We caught up with director Zara Hayes to chat about the film, what inspired the project and what lies ahead.

- The Battle of the Sexes is the new film so can you tell me a little bit about it?

It tells the story of a tennis match that changed the world (laughs). It is about a match in 1972 between Billie Jean King, who was the twenty nine year old women’s world number one, versus a fifty year old former Wimbledon champion called Bobby Riggs.

Riggs said that he could beat any female tennis player in the world - even a woman who was years young than him. So she took up the challenge and it became this huge circus affair. It shouldn’t have mattered that this crazy old man was challenging all women but it did and people took it very seriously.

It became a symbol of something much bigger.

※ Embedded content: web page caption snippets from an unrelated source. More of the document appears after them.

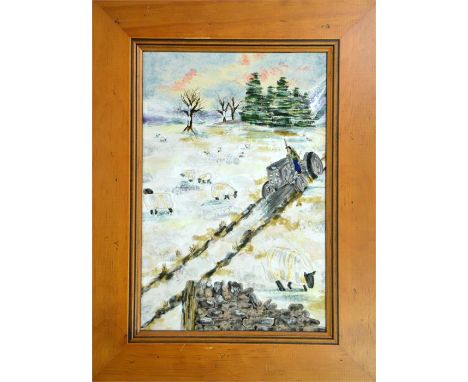 A Cobridge stoneware tile, 'Tractor Scene'. Dated 03. Limited Edition 3/5. Impressed and painted marks. 30cm x 20cm.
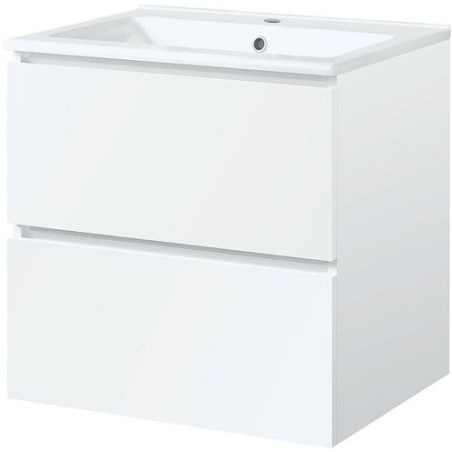 Sous meuble 2 tiroirs+lavabo ICE 60cm coloris blanc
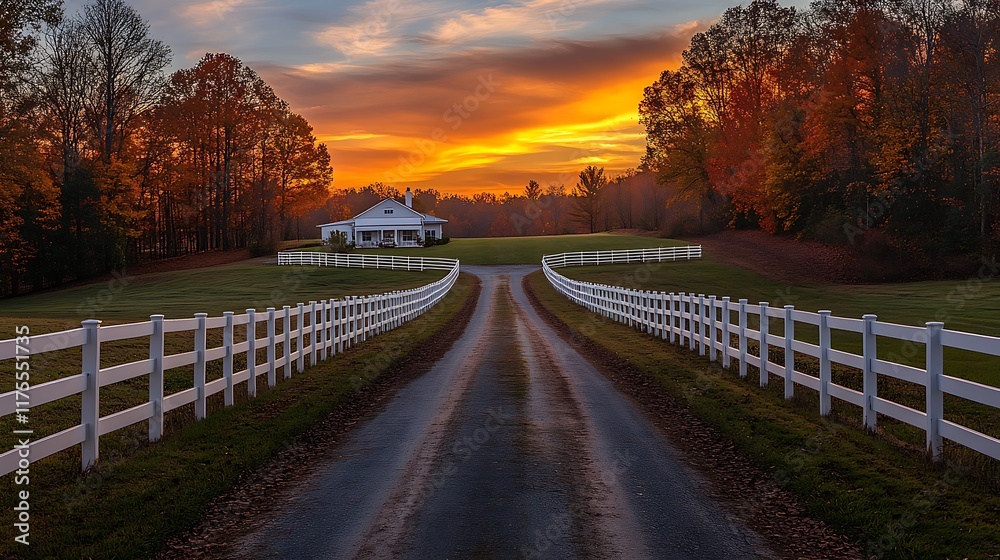 Fototapeta premium Sunset road journey countryside home landscape tranquil environment
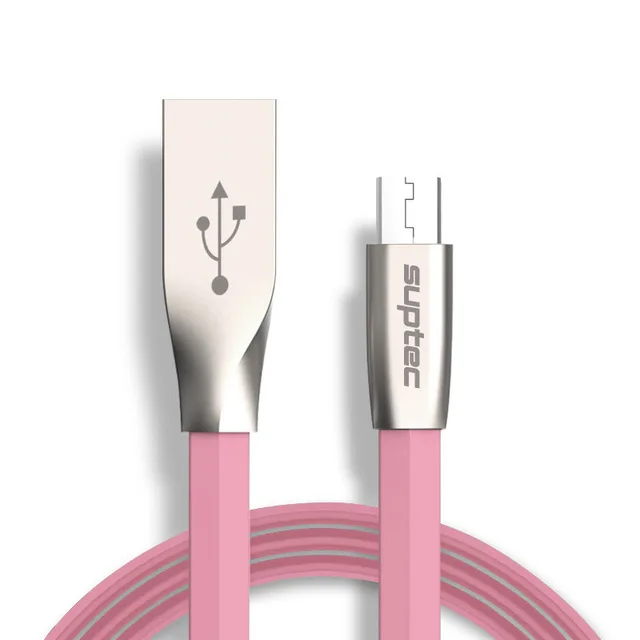 Suptec Micro USB кабель 2.4A кабель для быстрой зарядки и синхронизации данных кабель для зарядки телефона шнур для Andriod samsung S7 Xiaomi Настольный Microusb - Цвет: Pink
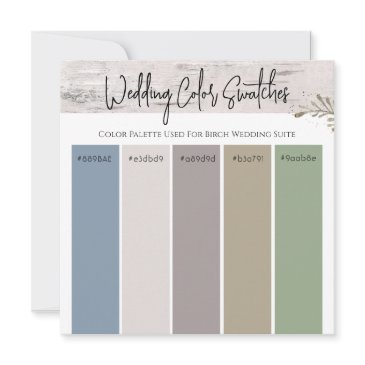 birch wedding color pallette invitation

So with this film we tried to tell the story of this match and how big it became but we also wanted to show why it mattered on a bigger scale to women.

The Women’s Right Movement was in full flow and 1973 is regarded to be a massive year in the feminist movement. The match became this huge thing because it was at a time when everyone was talking about gender and what women could do.

I am not really a sport person or a tennis person but I was really interested in the story from a social history point of view.

- You are in the director's chair for the film so where did this project start for you? And what intrigued you about it that made you want to get involved?

The production company came up with the idea and they knew me and they knew that I was interested in feminism. I had never heard of this tennis match and so I asked my dad and he was like ‘yeah I remember that’ and I just thought ‘this must have been a massive thing if my dad has heard of it’.

So I started looking into a little bit more and I think that it was really fun and really funny. So many things that try to tell you a piece of history, especially women’s history, can be a little po-faced and a little boring or they feel a bit issue led. This felt like it was all about entertainment and spectacle.

The whole point of what women were trying to do in tennis was ’hey we put on as good a show as the men’; they were not saying ’we are stronger. We are quicker. We are better tennis players’. Instead they were saying ’we put on a good show and we are entertainers’.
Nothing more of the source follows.